**TRY IT**
Your answer must be the full listing below, repeated exactly, with no pictures in it.

**SOURCE MATERIAL**
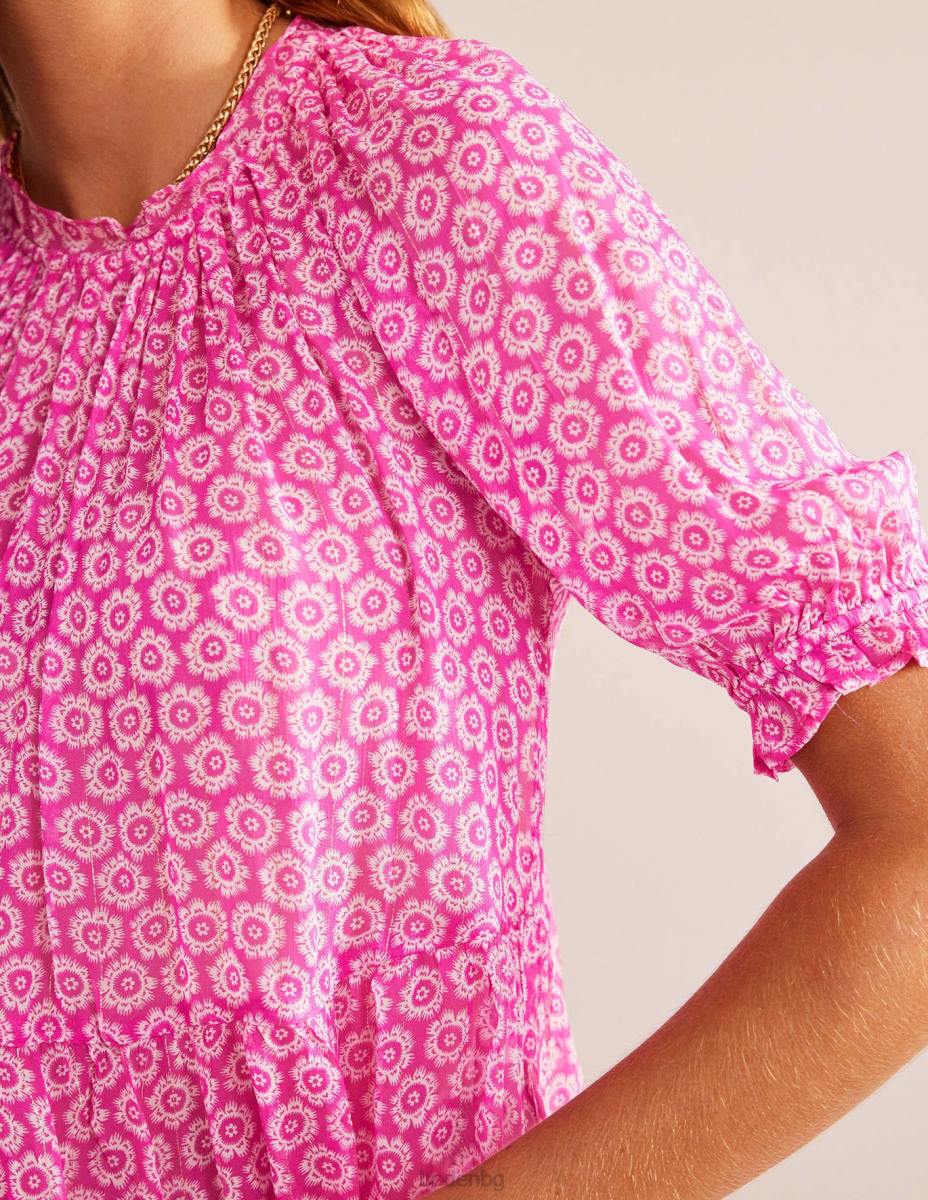 облекло Boden набрано бляскаво горнище от жоржет флокс розово и изгрев поп Жени LL68106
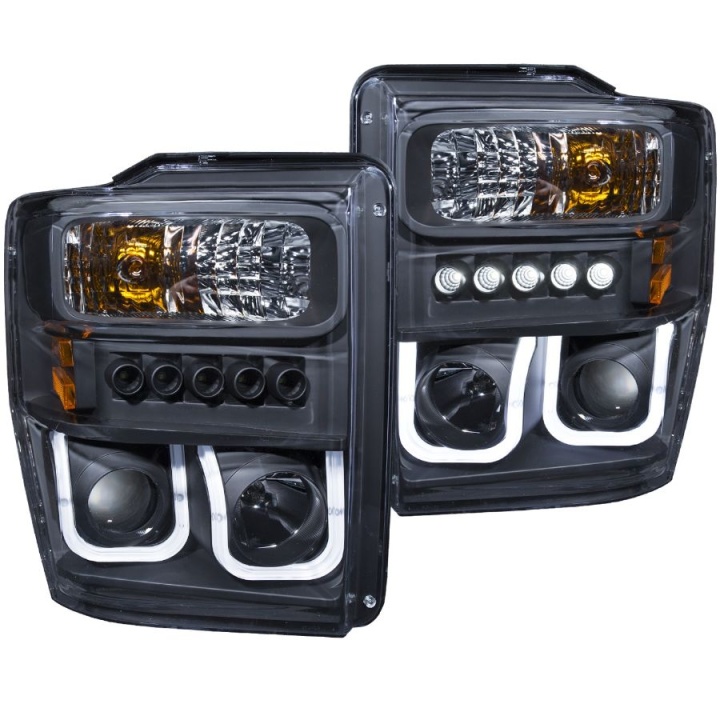 anz111305-3250 FORD F-250 Super Duty 2008-2010 Projector Strålkastare Med U-Bar Svart ANZO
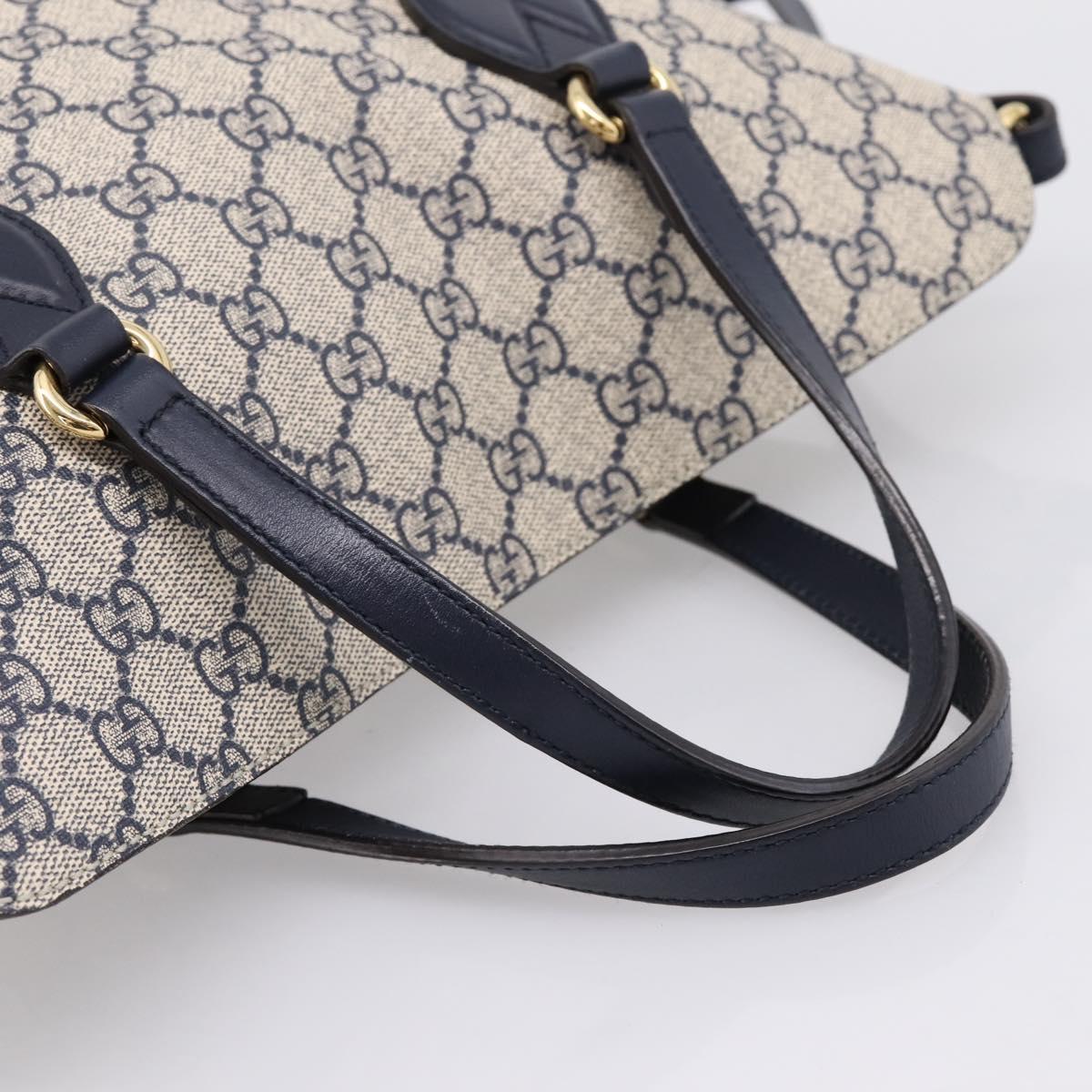 GUCCI GG Supreme Hand Bag PVC 2way Navy Gold Tone 429147 Auth ep16618V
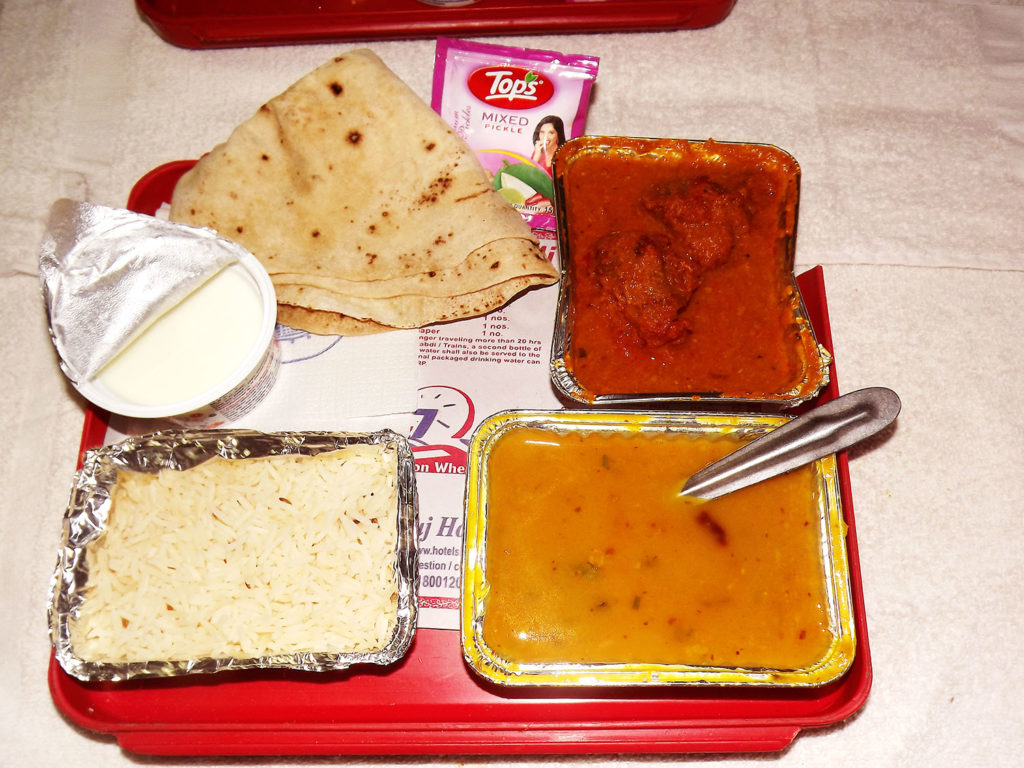 A Farbound.Net Photo showing the Dinner Tray onboartd the Ranchi-Rajdhani Ac 3 tire coach.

**ANSWER TO THE EXERCISE**
 облекло Boden набрано бляскаво горнище от жоржет флокс розово и изгрев поп Жени LL68106
 anz111305-3250 FORD F-250 Super Duty 2008-2010 Projector Strålkastare Med U-Bar Svart ANZO
 GUCCI GG Supreme Hand Bag PVC 2way Navy Gold Tone 429147 Auth ep16618V
 A Farbound.Net Photo showing the Dinner Tray onboartd the Ranchi-Rajdhani Ac 3 tire coach.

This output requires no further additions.